-- Opening Marker --
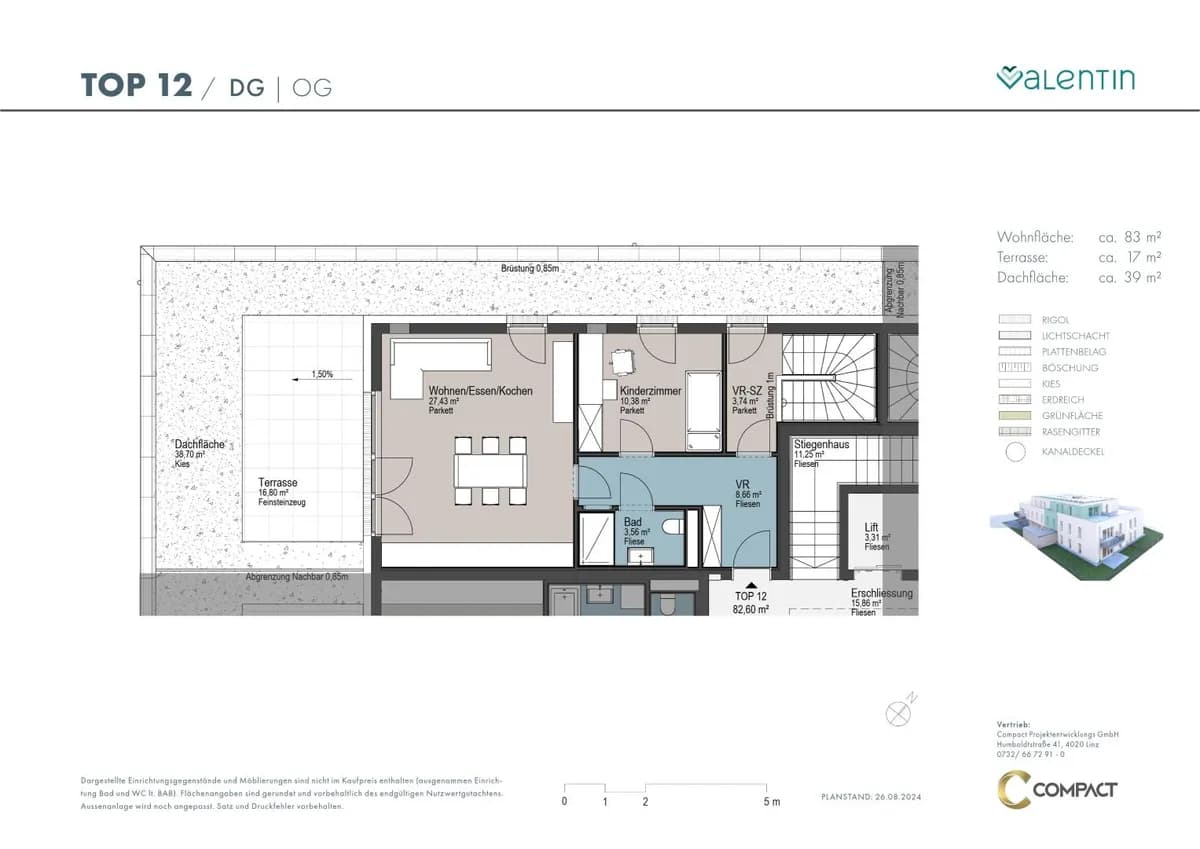 3-Zimmer-Wohnung kaufen in Amstetten – 84 m², € 396.000 – Bild 8 von 8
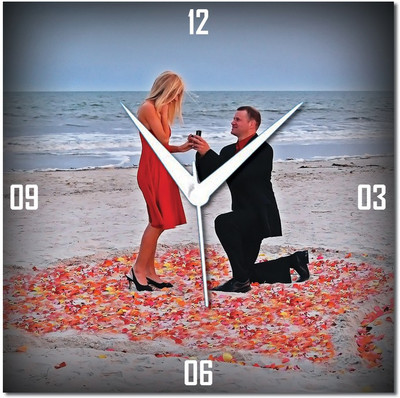 70% OFF on WebPlaza beautiful 353 Analog Wall Clock Multicolor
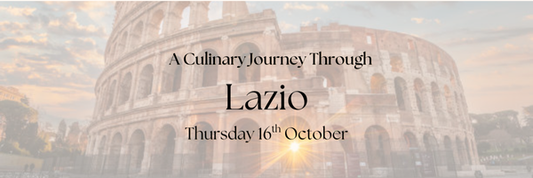 Meet the Chef: Taste of Lazio Dinner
-- Closing Marker --
■ **What the task asks**
Without the pictures, retype the whole of the material above exactly.

■ **Result of this task**
 3-Zimmer-Wohnung kaufen in Amstetten – 84 m², € 396.000 – Bild 8 von 8
 70% OFF on WebPlaza beautiful 353 Analog Wall Clock Multicolor
 Meet the Chef: Taste of Lazio Dinner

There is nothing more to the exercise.